You see, I own a mulching mower. I’ve owned battery operated mulching mowers for about fifteen years now, since my Seattle neighbor Chip Parker and I decided to share the cost and ownership of a mulching mower in that city’s promotional event.

When I moved from my small, flat property in Seattle to my bigger, hilly lot in Southwest Washington, though, I didn’t realize the difference the terrain would have on my enjoyment of mowing a lawn with a mulching mower. It’s a fairly sized lawn, so I figured I should get a fairly sized mower.  I moved on Labor Day weekend and the next week had some pretty good sales on mowers, so I decided to just GO FOR IT in the world of lawn maintenance and get a big, mulch-anything HOG of a mulching mower.

See, I really like mulching while I mow. I like a nice, green lawn that rarely if ever needs watering. I like mowing without raking. I like mowing and being DONE rather than having a series of steps to go through before finishing. I like the environmental benefits of mulching mowers such as no yard waste for the dump, no gas fumes (it’s battery operated!) and the lessened need for water to keep it green.

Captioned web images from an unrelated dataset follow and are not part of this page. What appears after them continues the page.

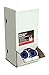 Proplus 017088-D TEFLON TAPE DISPENSER PACK 1/2 IN. X 260 IN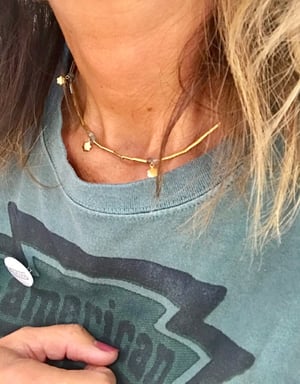 Collier HIPPIE
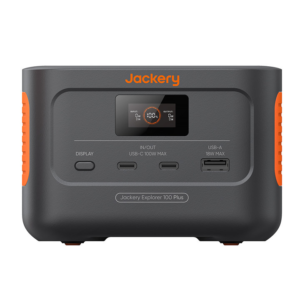 Jackery Explorer 300 Plus Portable Power Station 288Wh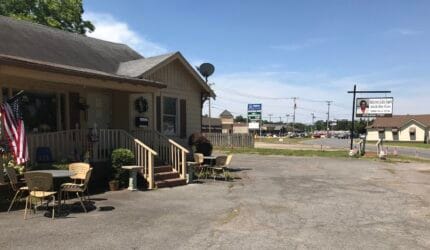 Katherine’s Little Angels Adult Health Care Center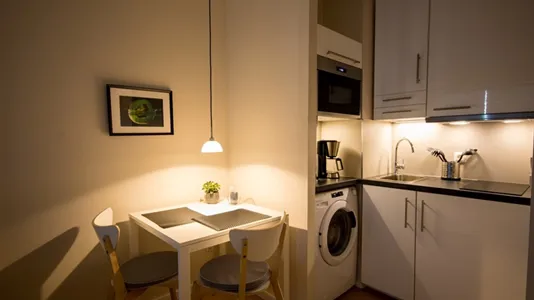 Apartments in Hamburg Nord - photo 6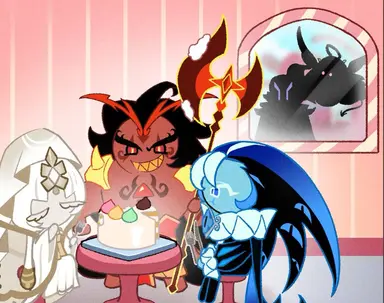 Profile image of Beast Cookies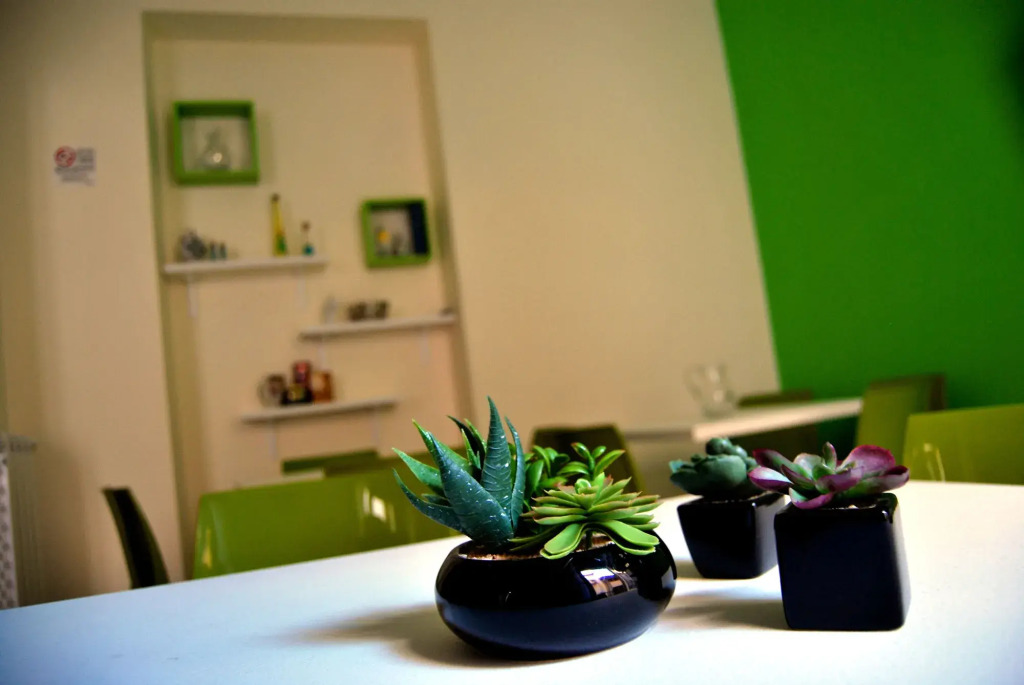 Il Quadrifoglio Room& Suite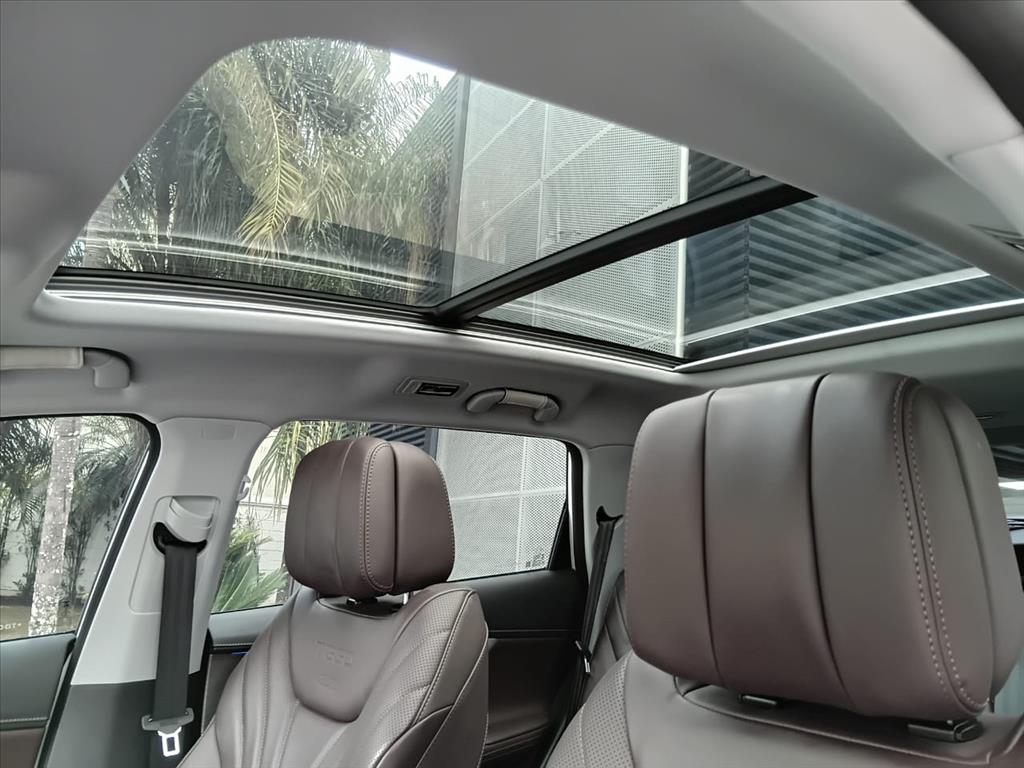 CAOA Chery-TIGGO 8 PRO-1.5 TCI PLUG-IN HYBRID DHT
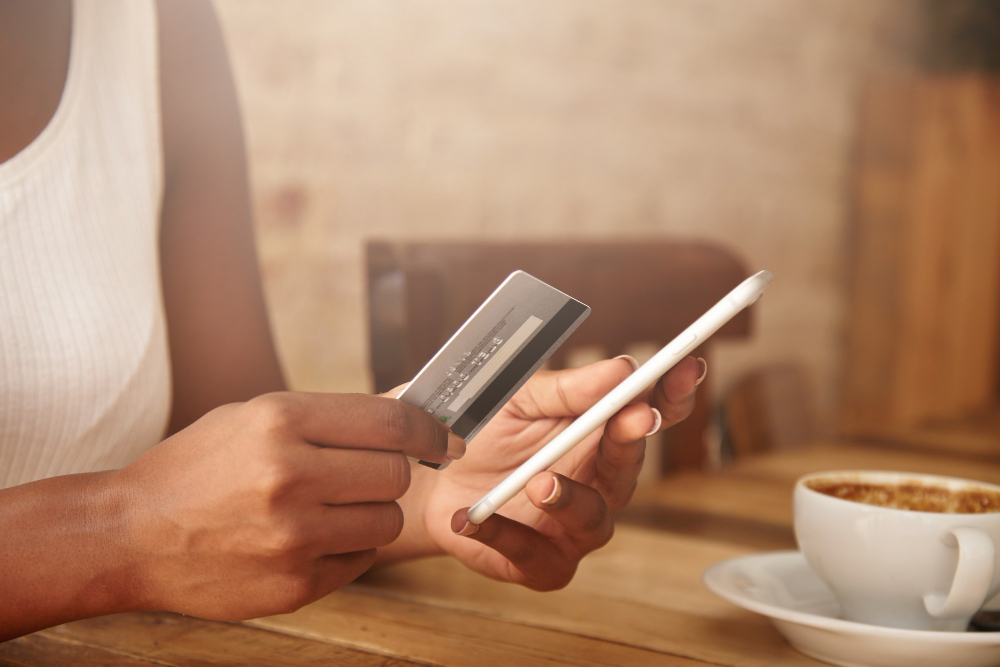 Best and Easy-to-Get Credit Cards in India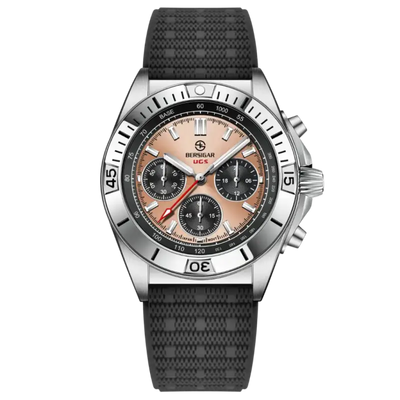BERSIGAR BELLATRIX 1705 GREEN STRAP - watches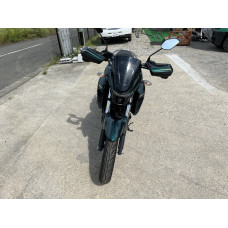 Мотоцикл Yamaha FZS 25 2021 р., пробіг 2242 км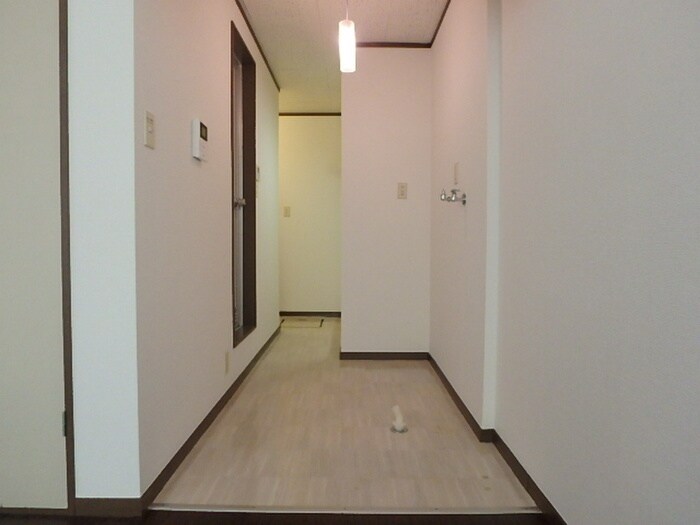 物件内観写真15　(廊下)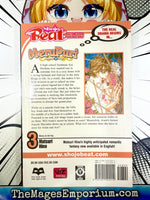 MeruPuri Vol 3 - The Mage's Emporium Viz Media outofstock UPDATEMETA Used English Manga Japanese Style Comic Book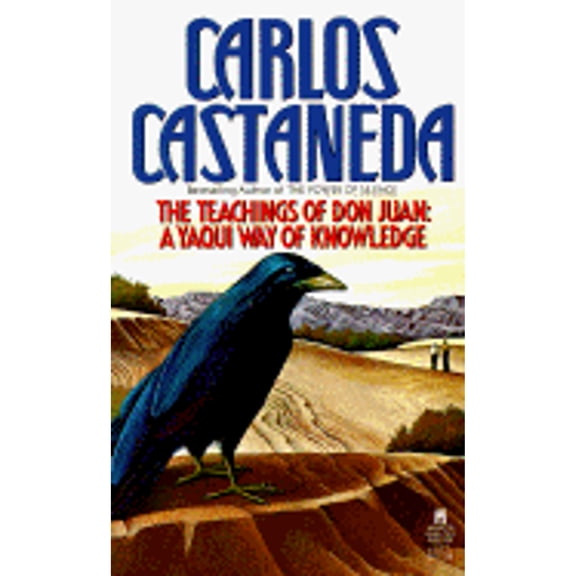 Pre-Owned Teachings of Don Juan: Teachings of Don Juan (Paperback) by Carlos Castaneda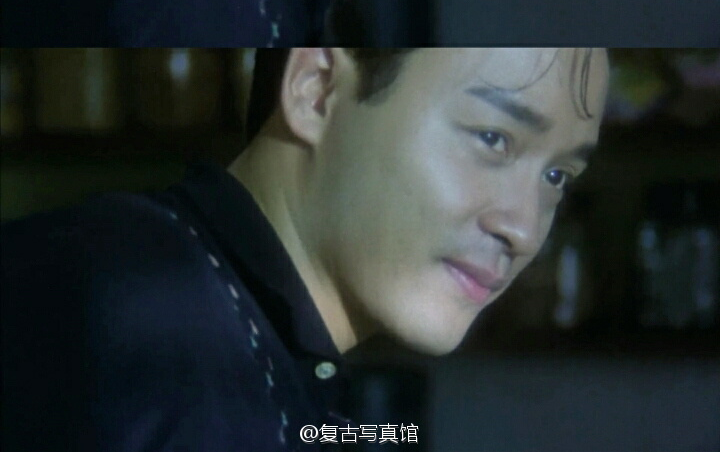 张国荣 - 不羁的风(现场版)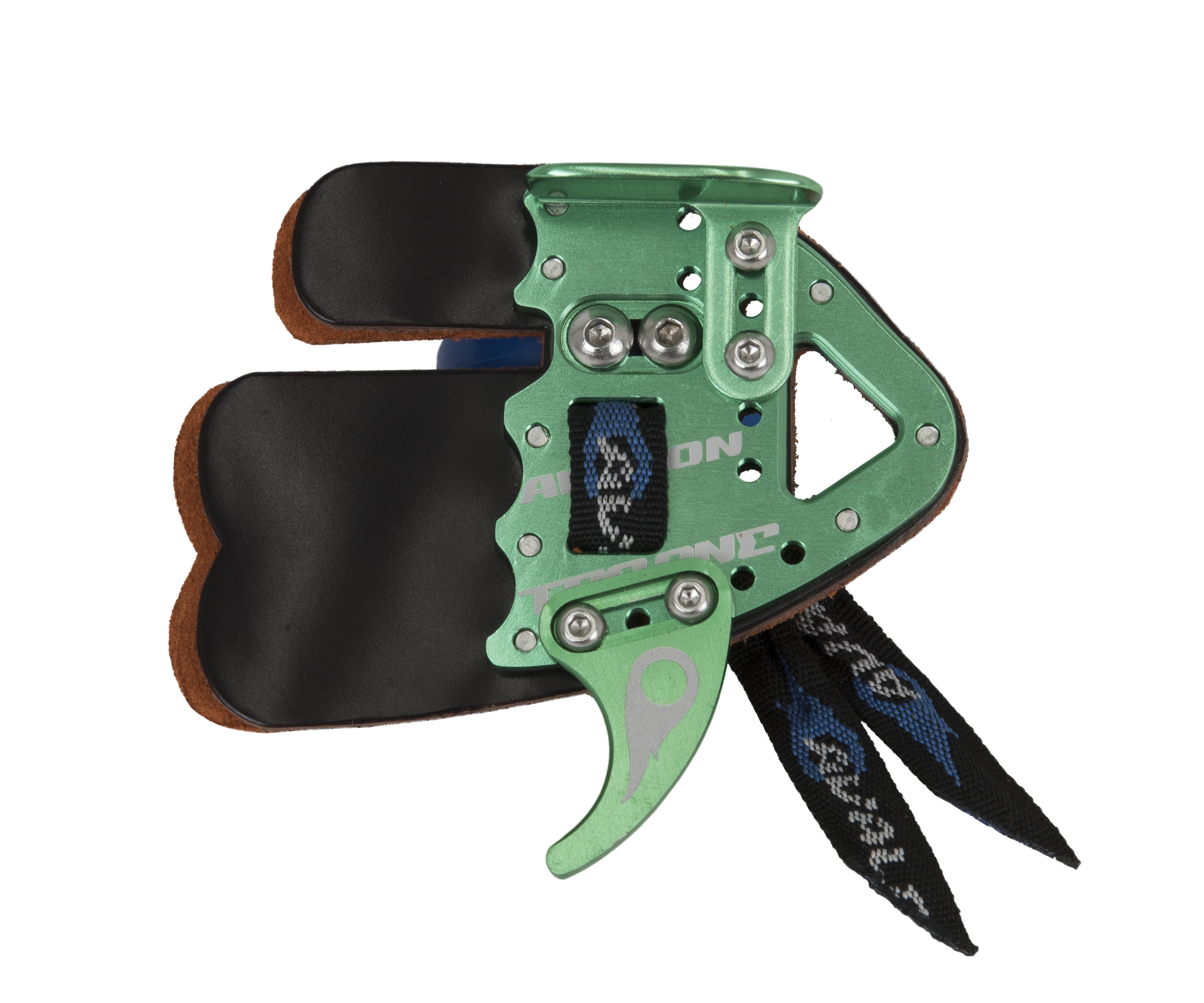 AVALON OLYMPIC RECURVE TAB TEC - PRIME LEATHER
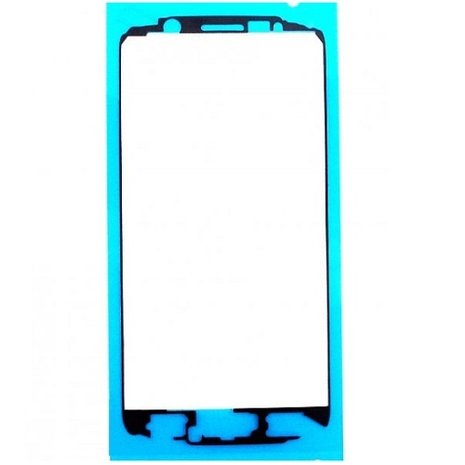 Samsung Samsung Galaxy S6 SM-920 Front LCD Frame Adhesive Tape - GH81-12747A Samsung Samsung Galaxy S6 SM-920 Front LCD Frame Adhesive Tape - GH81-12747A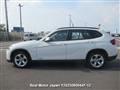 2012 BMW X1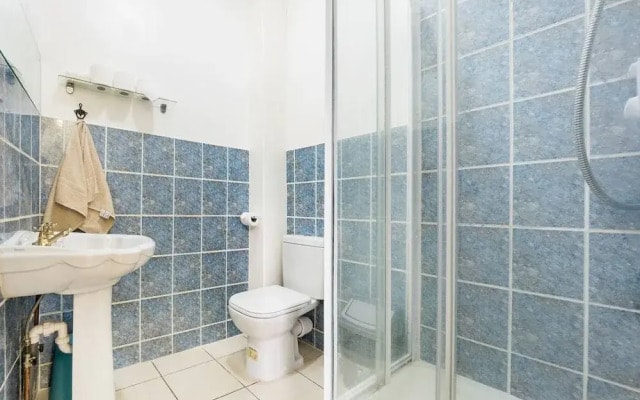 One Bedroom Apartment Notting Hill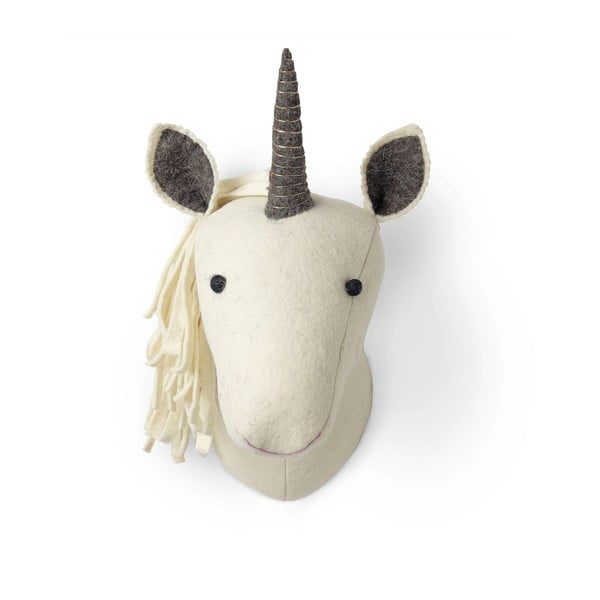 Detská nástenná dekorácia Unicorn – Happy Friday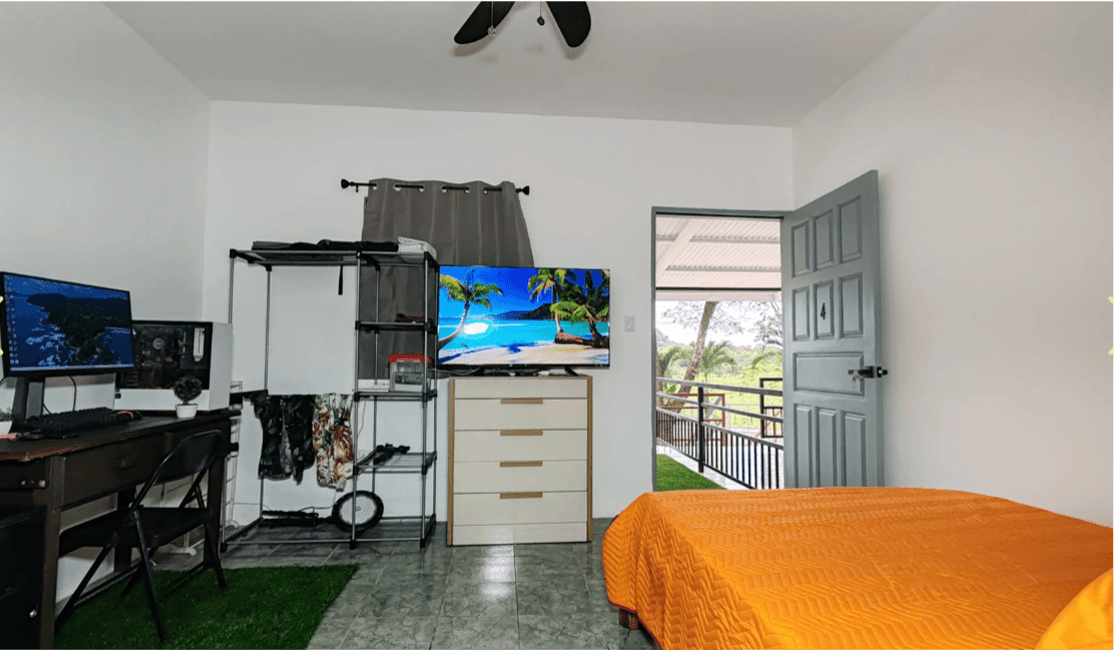 Complejo inmobiliario en venta, Sámara, Costa Rica Complejo inmobiliario en venta, Sámara, Costa Rica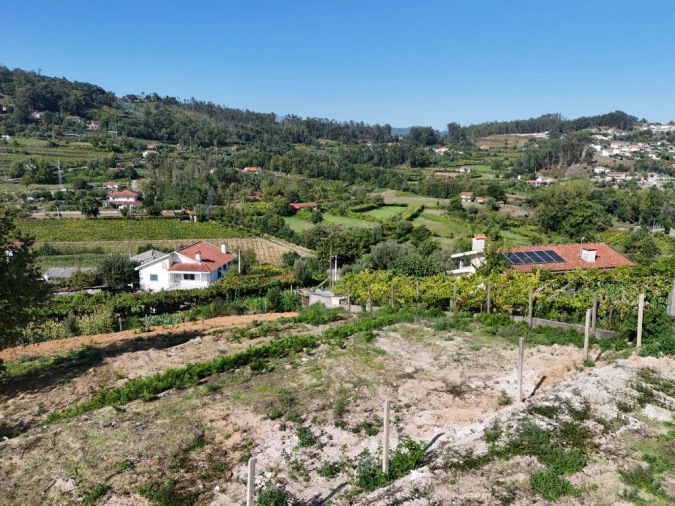 Terreno para Venda em Telões Foto 10
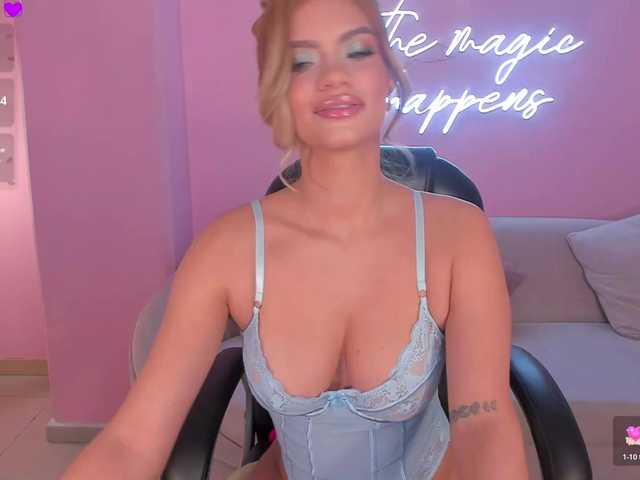 KyomiVelvet's BongaCams show and profile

BUT nothing’s perfect and I don’t like the grass clippings that come with me into my house on the bottom of my shoes (and have prompted me to become a no-shoes house) or the inherent weight of the mower as I lug it up and down that hilly lawn portion at the bottom of my driveway. Nor do I like the fact that a mulching mower will pick up any and all existing weeds and spread little weed babies all over the next few feet of lawn as it goes about its task. And living in the Pacific Northwest where lawns are often wet and/or dewy I often have to wait for the lawn to be really dry if I don’t want to end up with a long expanse of lumpy, brown gobs of grass scattered amongst the rich, green mole hill terrain.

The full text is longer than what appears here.